Other factories will close and some will reduce production as a result of the power rationing, warned Pio Gavazzi, a director of the Sao Paulo Federation of Industries (FIESP). Sao Paulo state is responsible for around 40% of Brazil's GDP.
Even the industries that generate energy for their own consumption will suffer because they depend upon suppliers which are unable to generate energy, explained the FIESP director. The government is planning a 20% average reduction in power supply.
Gavazzi said the rationing plan will result in a 23%-24% cut back in production. "The situation is very serious. This country has industries with varying degrees of dependence upon electric power," added Gavazzi. Several industries suggested shutting down a unit of their plants so that the other units can maintain normal production.

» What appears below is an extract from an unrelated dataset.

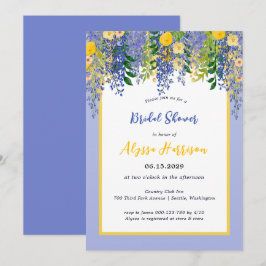 Waterverf Bloemen Bruidsdouche met Wisteria Kaart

Energy analysts predict electricity rates will soar after rationing begins, but quoting two Brazilian dailies Reuters reported Tuesday AES Corp. has put on hold plans to invest $2-$2.5 billion on energy projects in Brazil, alleging government pricing policies have jeopardized its operations. If true, AES's decision could throw a monkey wrench into Brazil's plan to boost the percentage of power produced from thermoelectric plants.

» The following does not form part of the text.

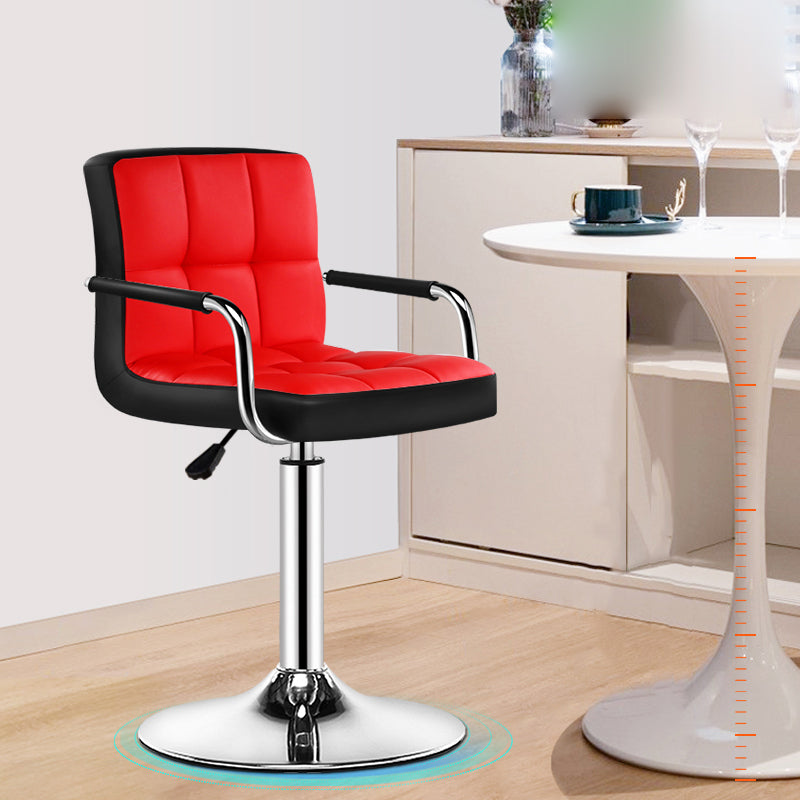 Modern Armrest Backrest Counter Stool Steel Cashier Bar Stool with Cushion Red-Black 1 Piece Clearhalo 'Bar Furniture' 'Bar Stools' 'bar_stools' 'furn' 'furn_bar_stools' 'furniture_bar_stools' 'Kitchen & Dining Furniture' 'kitchen&dining_furn' 'kitchen' 'kitchen_furn' Furniture' 4654618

AES President Dennis Bakke, on a brief visit to Brazil, was reported to have suspended indefinitely plans to build as many as 10 thermoelectric power plants, Reuters said. AES has already invested as much as $6 billion in Brazil, primarily in electricity projects, making it one of the country's top private foreign investors, the papers said.

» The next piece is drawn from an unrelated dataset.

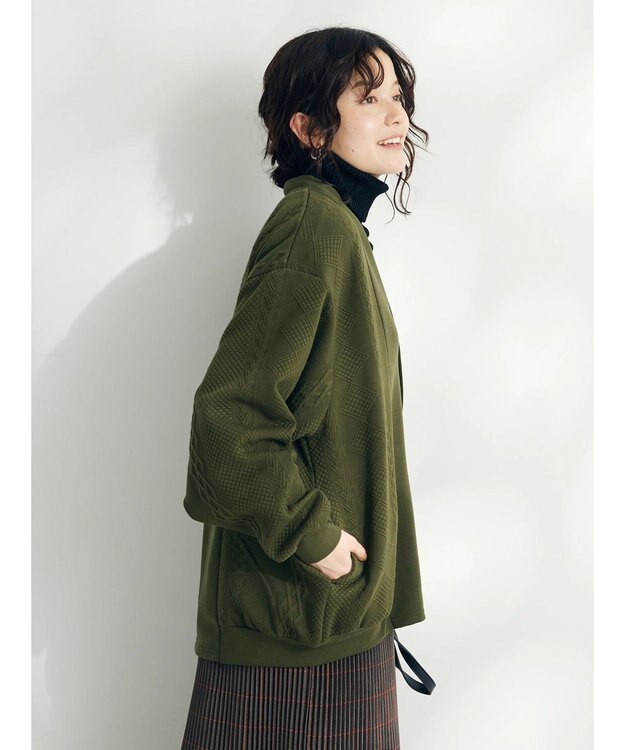 CRAFT STANDARD BOUTIQUE JQカット切り替えカーディガン1 Khaki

The newswire reported AES criticized Brazil's top electricity sector regulator Aneel for maintaining an energy policy that charged what Bakke said were "unrealistically low prices for consumers," forcing AES to carry the burden of rising costs.
A 1998 federal law created a schedule for deregulation of tariffs in the electric power sector. Beginning in 2003, tariffs will be deregulated by 25%/year until all controls are removed by 2006.
Price are expected to rise after 2006 as the number of thermoelectric plants, which today are responsible for around 6% of power generation, increases. The government has said it will build 49 gas-fired thermoelectric plants between now and 2005 in partnership with the private sector.
Jose Mario Abdo, director-general of the federal electricity agency Aneel, reported 13 new thermoelectric plants with the capacity to generate 2,890 Mw are scheduled to begin operating this year, with 13 more plants generating 2,142 Mw scheduled to come on line next year.